Many of the guests, like Amy Schnabel, are engaged with refugees in one way or another. On breaks from her job doing restorative justice work with ACS Clinical Services, Schnabel visits refugee camps on the Greek Island of Lesbos. Rona Wolfe engages along with her kindergarten class at Milwaukee Jewish Day School. Her charges and a group of refugee children their own age have “played together and had an amazing experience,” Wolfe said. Lenny Kass, Milwaukee Jewish Day School gym teacher and camp director, has been taking the children to Rainbow Camp together every summer for the past three years.

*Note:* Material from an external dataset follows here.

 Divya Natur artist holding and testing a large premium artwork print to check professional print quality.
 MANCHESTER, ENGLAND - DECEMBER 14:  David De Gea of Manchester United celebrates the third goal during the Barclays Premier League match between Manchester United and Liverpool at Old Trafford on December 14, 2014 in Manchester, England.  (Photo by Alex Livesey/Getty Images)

Also in attendance, students from Rachel Buff’s Immigration and Refugee Policy class at UWM: Mia Knops, Dean DeVoe, Jesus Velarde, Corey Anderson, all freshman, who were so efficient and helpful that they whisked around the room like speeded up super-heroes. I found them taking a short break when the diners were still busy eating.

Dr. Rachel Buff is the director of Cultures and Communities at UWM, the program that donated the cost of some of the food the Somali cooks prepared in such abundance. “The mission of Cultures and Communities is to be the community-facing part of Letters & Science,” Buff said. While community engagement programs are now a trend for urban campuses like UWM, “Our program is 17 years old,” she said. “At UWM, students can do a coherent set of courses on community engagement and multi-cultural studies to fulfill their general ed requirements. They do service learning as part of the program.” This nicely designed set of requirements is another way Milwaukee communities have of reaching out and getting comfortable with each other.

Thanks to the hub of Walker’s Point Community Clinic and people like Kai and her network, the refugee community in Milwaukee has been given a warm welcome, even as the number of refugees allowed entry has been dramatically reduced. Two young people from Public Allies, a division of AmeriCorps, are working at Walker’s Point Clinic, where they are managed by Kai. Max Levy, 24, and Aditi Narayan, 23, set up educational programs for refugees. Currently, they’re implementing a winter preparedness program that teaches refugees from hot countries how to dress in Wisconsin winters and how to winter-proof their residences. There have been a couple of cases of frostbite. But as guests mill around at the end of the evening, some taking home cardboard cartons of extra food, it’s clear that this is a family affair. And families take care of their own.